Question

An equilateral triangle is inscribed in the parabola y$^2$ = 4x one of whose vertex is at the vertex of the parabola, the length of each side of the triangle is

• A. $\frac{\sqrt{3}}{2}$
• B. $4\frac{\sqrt{3}}{2}$
• C. $8\frac{\sqrt{3}}{2}$
• D. $8\sqrt{3}$

Answer 1

The Correct Option is D

The correct option is (D): \(8\sqrt{3}\).

Let \(AB = \ell\). Since the line makes an angle of \(30^\circ\) with the axes:

\(AM = \ell \cos 30^\circ = \frac{\ell \sqrt{3}}{2}\)

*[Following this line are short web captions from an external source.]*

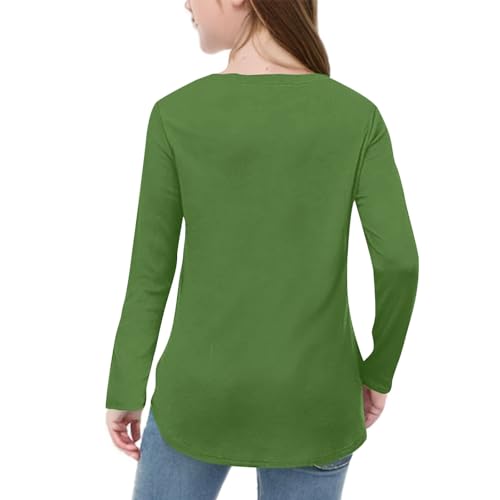 Kids Girls Long Sleeve Underwear Shirts Plain Crewneck Irregular Hem Loose Pullover Shirts Fall Winter Basic Tee Tops2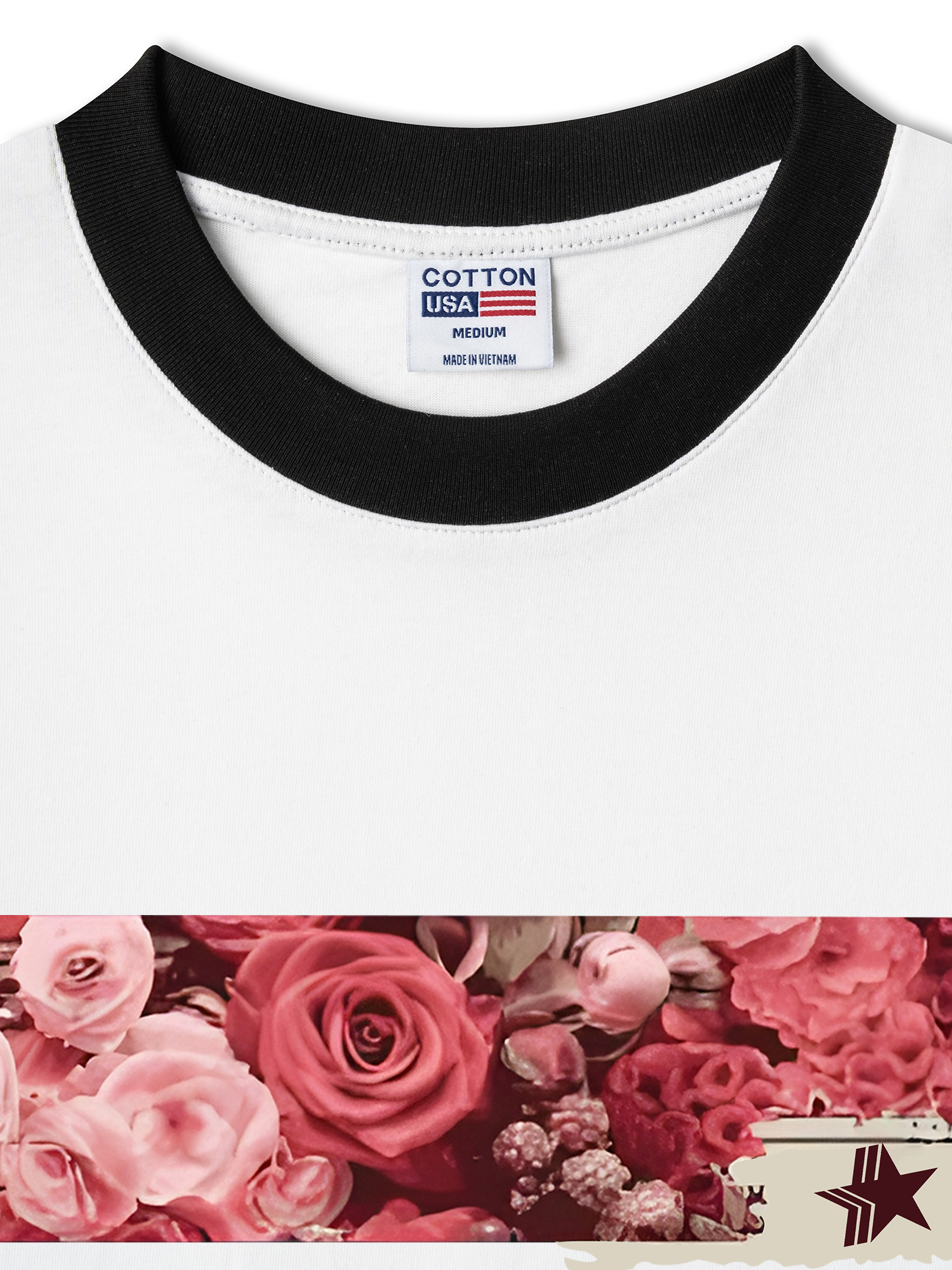 Áo Thun Ringer Relaxed Fit Trending Floral Cotton Usa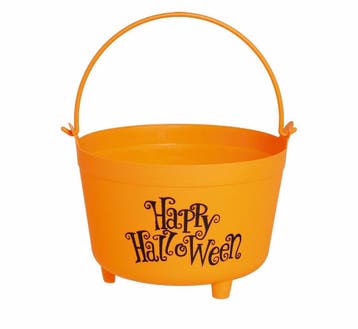 Oranje Halloween Snoep Emmer Happy Halloween 30cm, Verzenden, Nieuw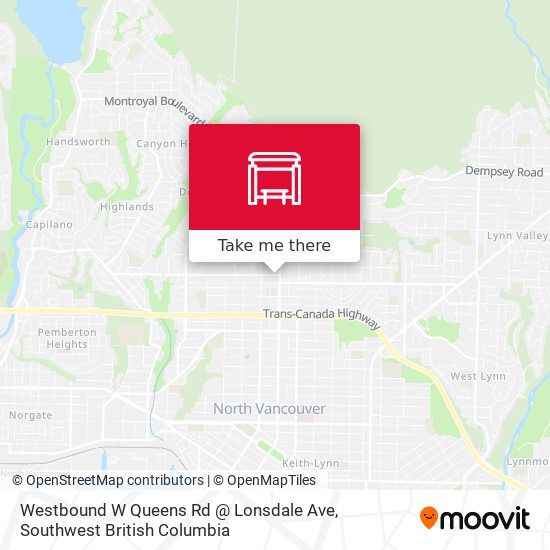 Westbound W Queens Rd @ Lonsdale Ave map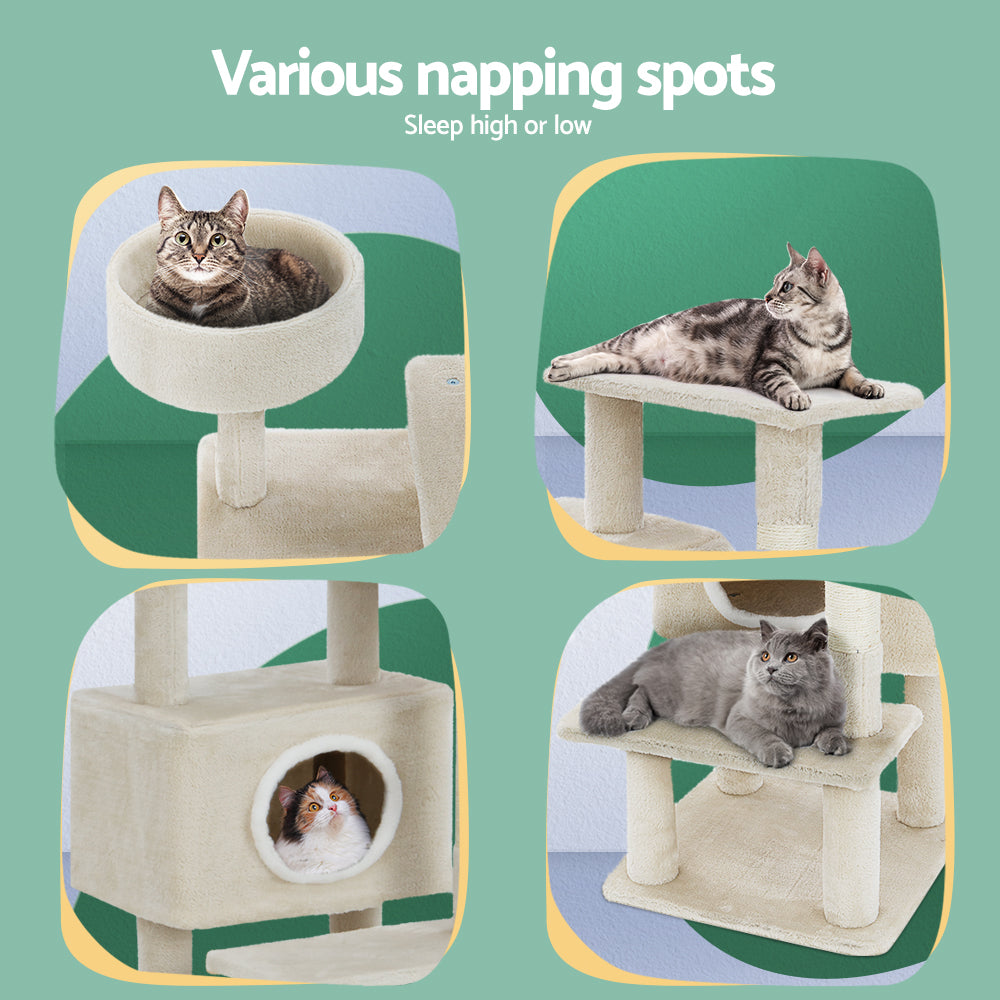 i.Pet Cat Tree Tower Scratching Post Scratcher Wood Condo House Bed Trees 90cm - Pet And Farm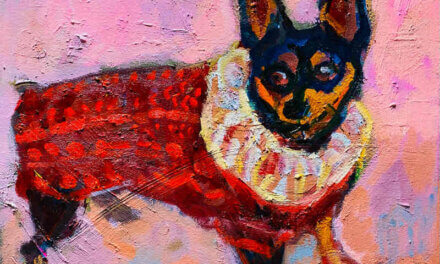 SOLD | pinsher | 24x30cm | oil x paper | 2022 #dog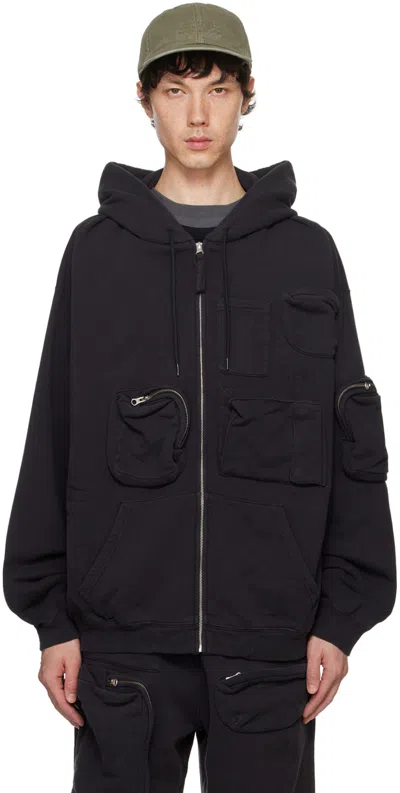 Shop Mm6 Maison Margiela Black Pockets Hoodie In 899 Washed Black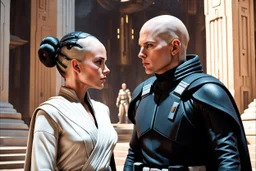 a bold and heroic bald male Corellian pilot in black and grey First Order special forces gear meets a female Jedi Master in ancient, mystical temple, hyperdetailed, dynamic lighting, hyperdetailed background, 8k resolution, volumetric lighting, light skin, fully symmetric details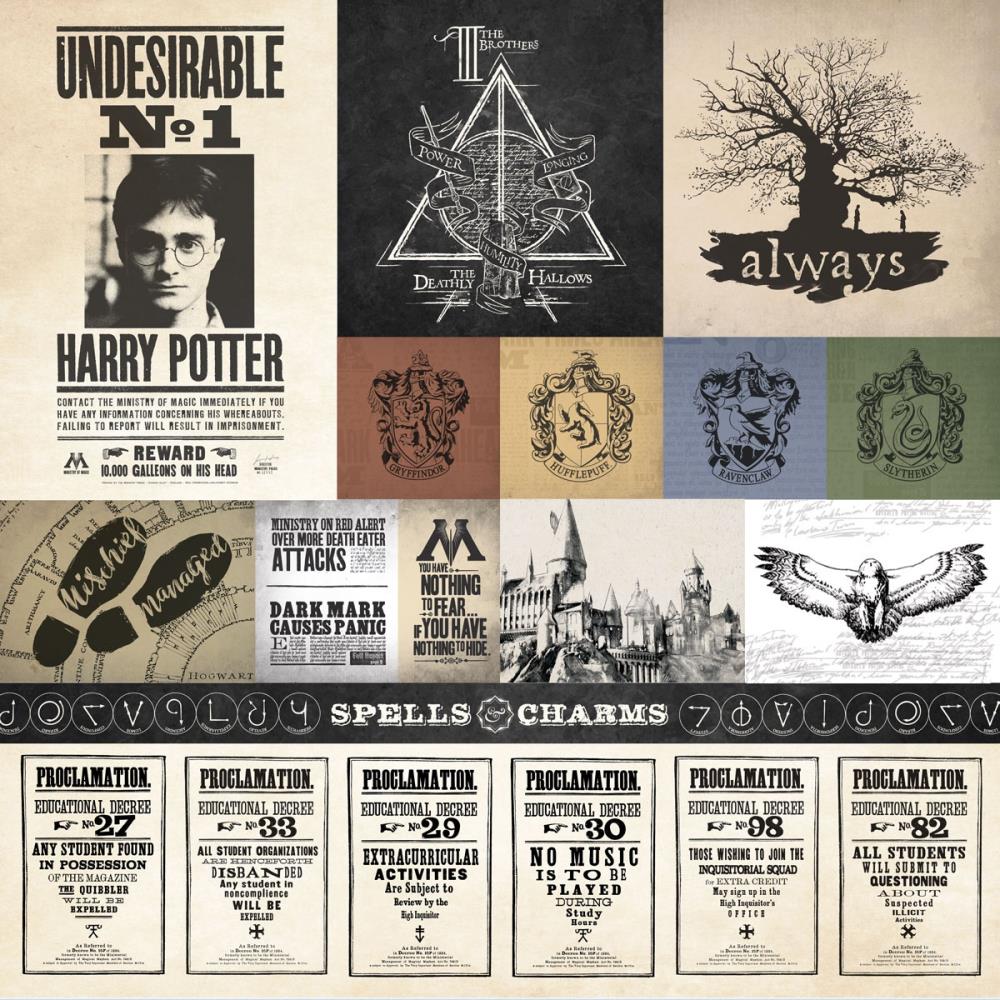 Paper House - Harry Potter - Parchment Tags - Paper - 12 x 12"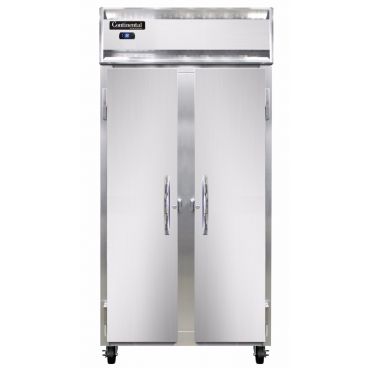 Continental 2RSENSA 2-Section Slim Line Standard Depth Reach-In Refrigerator with Full Height Solid Doors - 30 Cu. Ft.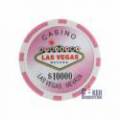 Fiches da poker "WELCOME LAS VEGAS 10" - in ABS con inserto metallico - rotolo di 25 fiches - 11,5 g
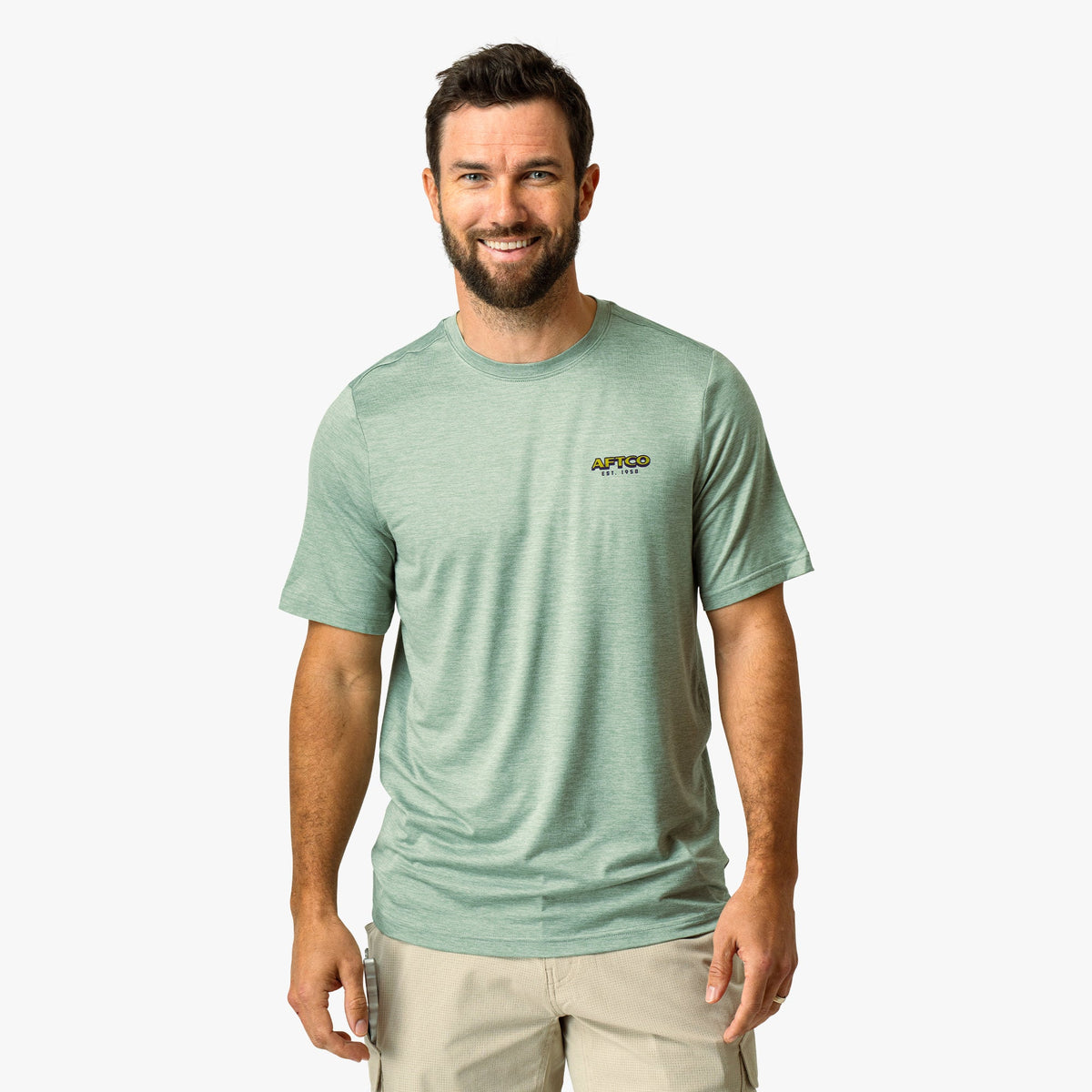 Airy Blue Heather Greetings Short Sleeve Sun Protection Shirt / AFTCO Best Seller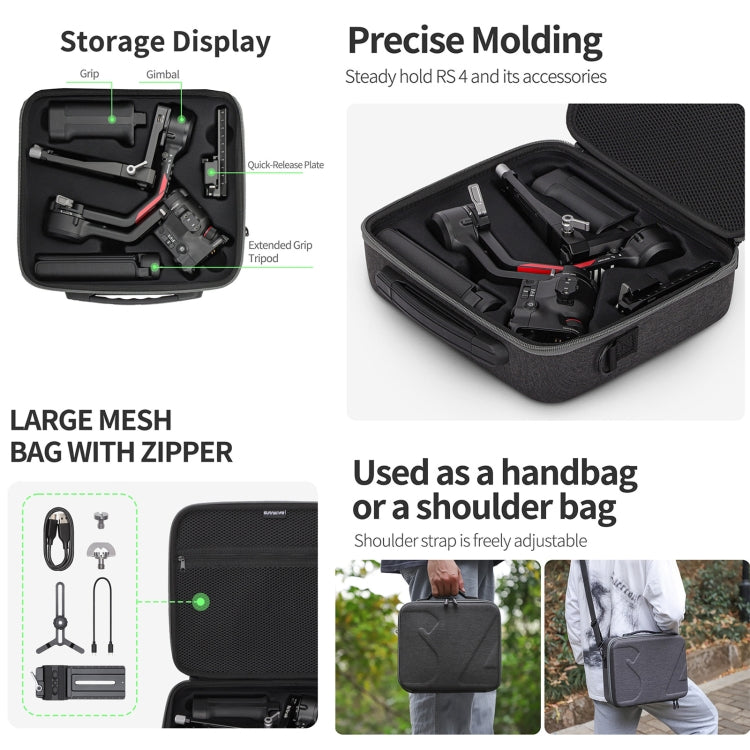 For DJI RS 4 Sunnylife Storage Case Box Suitcase(Black)
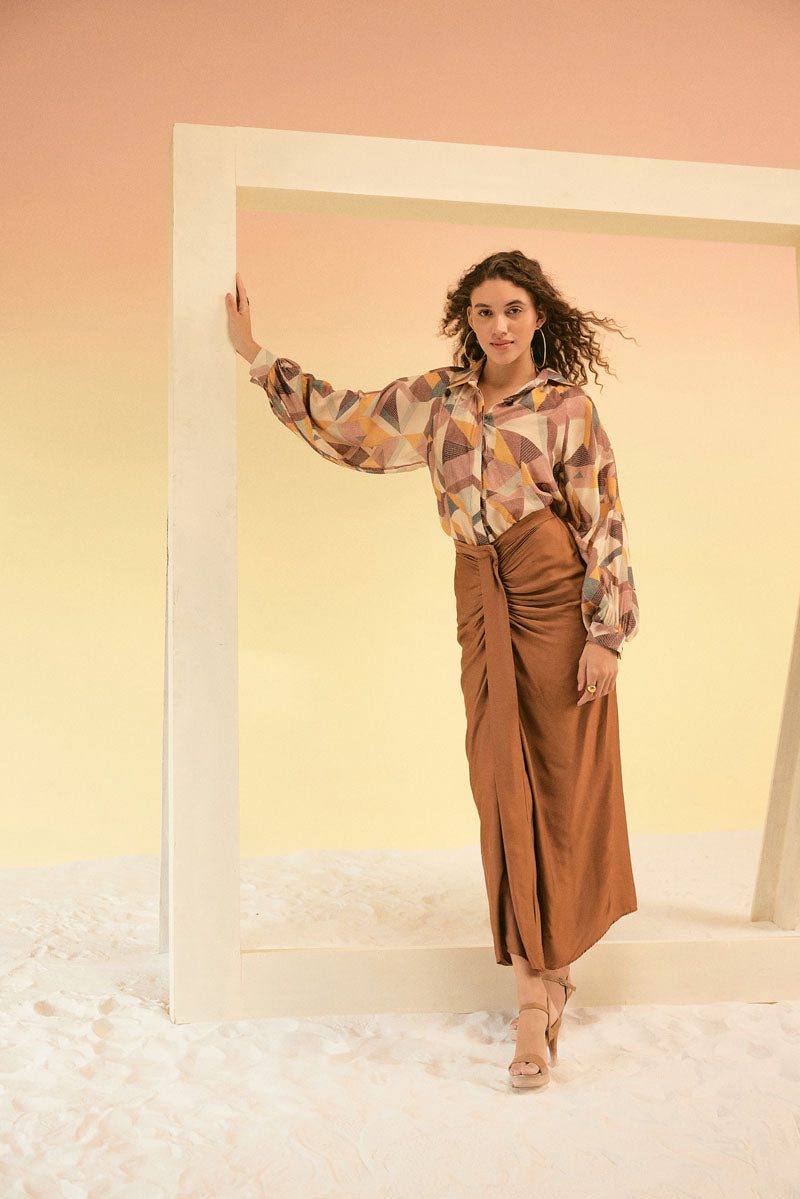 GEOMETRIC SHIRT WITH DHOTI SKIRT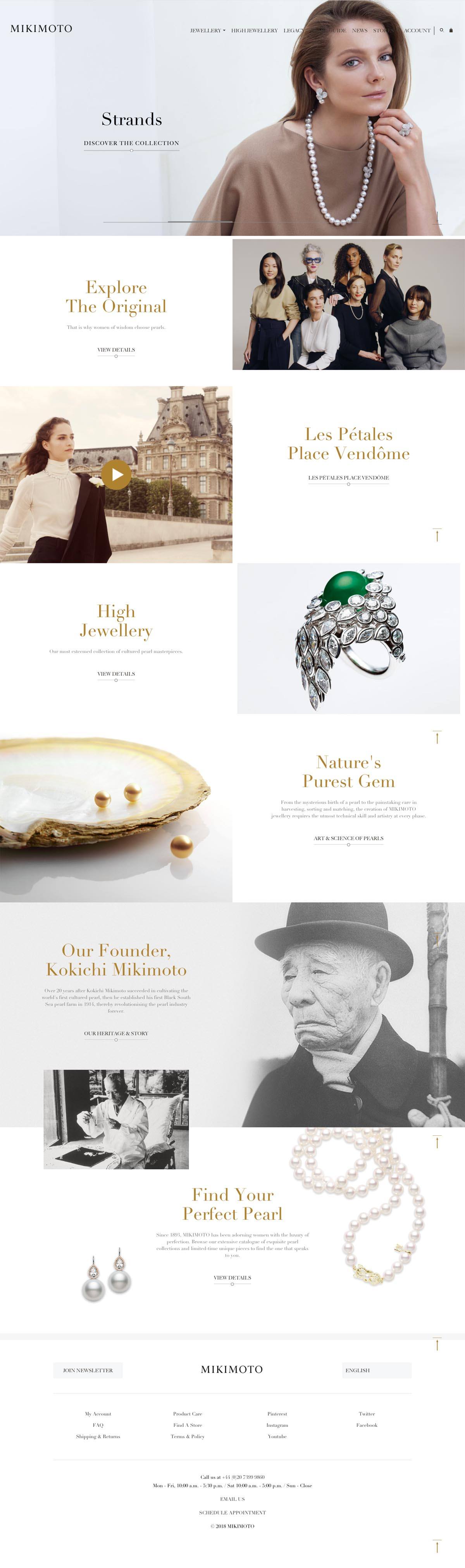 eCommerce website: Mikimoto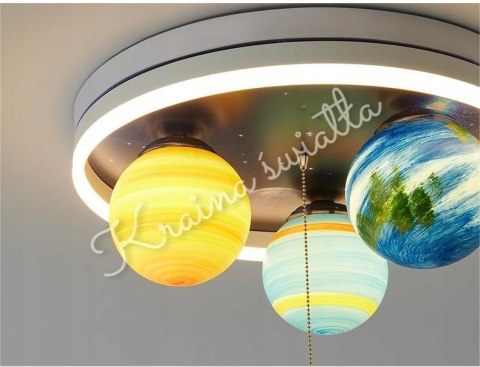 LAMPA SUFITOWA Z ASTRONAUTA PLANETA NIEBO KOSMOS KSIEŻYC **Kraina światła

\(BM = \ell \sin 30^\circ = \frac{\ell}{2}\)

Hence, coordinates of \(B\) are:

\(\left( \frac{\ell \sqrt{3}}{2}, \frac{\ell}{2} \right)\)

Since \(B\) lies on the parabola \(y^2 = 4x\), substituting gives:

\(\left(\frac{\ell}{2}\right)^2 = 4\left(\frac{\ell \sqrt{3}}{2}\right)\)

\(\frac{\ell^2}{4} = 2\ell \sqrt{3}\)

Solving:

\(\ell = 8\sqrt{3}\)

Therefore, the required value is \(8\sqrt{3}\).